Recorded information —
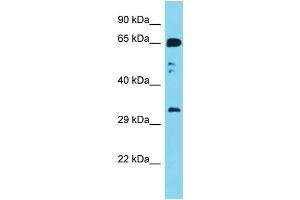 Western Blotting (WB) image for anti-Guanine Nucleotide Binding Protein (G Protein), beta Polypeptide 2-Like 1 (GNB2L1) (C-Term) antibody (ABIN2788764)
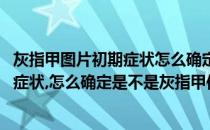 灰指甲图片初期症状怎么确定是不是灰指甲(灰指甲图片初期症状,怎么确定是不是灰指甲传染)
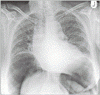 気腹症における肝臓の回転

Problem — Starting with the line that holds "灰指甲图片初期症状怎么确定是", retype each line through the last one in the listing above, exactly as written. Do not copy any pictures.

Written response —
 灰指甲图片初期症状怎么确定是不是灰指甲(灰指甲图片初期症状,怎么确定是不是灰指甲传染)
 気腹症における肝臓の回転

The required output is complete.